Significant fall on land prices in disaster-stricken areas was noted by the Ministry of Land, Infrastructure, Transport and Tourism in the first-ever survey on land prices since the March 11 quake and tsunami.
Commercial and residential land prices in the severely beaten areas of Fukushima Prefecture and other areas in Tohoku region dropped drastically; as well as in Tokyo Bay where concern on liquefaction was prevalent.
While there was already a trend of falling prices in the Fukushima Prefecture even prior to March 11, the catastrophic quake and tsunami which triggered the nuclear crisis speeded up the drop in land prices.

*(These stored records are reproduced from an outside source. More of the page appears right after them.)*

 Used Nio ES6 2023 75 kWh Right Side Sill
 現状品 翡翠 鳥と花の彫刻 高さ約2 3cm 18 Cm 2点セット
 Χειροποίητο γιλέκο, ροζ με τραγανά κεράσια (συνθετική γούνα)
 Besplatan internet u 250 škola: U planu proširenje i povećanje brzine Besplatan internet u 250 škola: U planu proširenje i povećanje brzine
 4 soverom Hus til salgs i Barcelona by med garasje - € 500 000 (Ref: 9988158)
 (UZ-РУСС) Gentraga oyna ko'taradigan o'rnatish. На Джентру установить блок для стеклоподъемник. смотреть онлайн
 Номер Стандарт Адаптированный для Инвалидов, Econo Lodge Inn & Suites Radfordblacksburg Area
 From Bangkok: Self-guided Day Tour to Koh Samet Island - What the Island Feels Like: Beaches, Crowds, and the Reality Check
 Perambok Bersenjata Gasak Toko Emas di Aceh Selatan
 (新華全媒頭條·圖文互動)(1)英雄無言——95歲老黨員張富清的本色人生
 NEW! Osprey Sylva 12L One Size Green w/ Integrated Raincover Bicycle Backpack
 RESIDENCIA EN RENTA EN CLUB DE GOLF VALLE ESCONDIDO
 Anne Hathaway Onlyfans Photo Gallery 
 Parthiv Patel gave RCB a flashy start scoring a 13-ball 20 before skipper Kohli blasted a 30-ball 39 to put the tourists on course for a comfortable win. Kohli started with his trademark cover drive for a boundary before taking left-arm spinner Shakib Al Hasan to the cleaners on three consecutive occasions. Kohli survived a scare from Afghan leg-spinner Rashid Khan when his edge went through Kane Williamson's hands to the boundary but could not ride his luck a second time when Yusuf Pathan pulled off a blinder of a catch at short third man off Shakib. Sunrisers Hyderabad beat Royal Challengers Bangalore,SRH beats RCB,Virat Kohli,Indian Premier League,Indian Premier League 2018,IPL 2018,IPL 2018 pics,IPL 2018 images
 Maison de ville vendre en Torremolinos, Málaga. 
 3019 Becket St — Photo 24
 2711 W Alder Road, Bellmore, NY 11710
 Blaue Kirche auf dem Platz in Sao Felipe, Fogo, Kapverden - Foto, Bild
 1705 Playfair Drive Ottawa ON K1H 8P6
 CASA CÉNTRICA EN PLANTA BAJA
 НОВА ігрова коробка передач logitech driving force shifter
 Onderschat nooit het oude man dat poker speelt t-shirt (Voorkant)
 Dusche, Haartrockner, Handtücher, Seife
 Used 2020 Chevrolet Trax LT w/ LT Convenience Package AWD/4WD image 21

The commercial areas where land prices fell markedly include hot spring districts such as the Bandai-Atami hot spring area which is about 70 kilometers from the crippled Fukushima nuclear power plant and which registered the highest drop in the prefecture of 15% from last year’s figures.
Other than the Fukushima Prefecture, other areas where nuclear plants are located also showed a fall in land prices. There was a drop of 6.7% in residential land prices in the Shizuoka Prefecture city of Omaezaki, where Chubu Electric Power Co.’s Hamaoka Nuclear Power Plant is found. Moreover, the survey done by the ministry in Omaezaki showed that the land price of areas closest to the nuclear plant had dropped by 7.2%.
Masafumi Goto of the All Japan news Real Estate Institute opined that, "The psychological anxiety of being close to a nuclear power plant has affected the sale of land."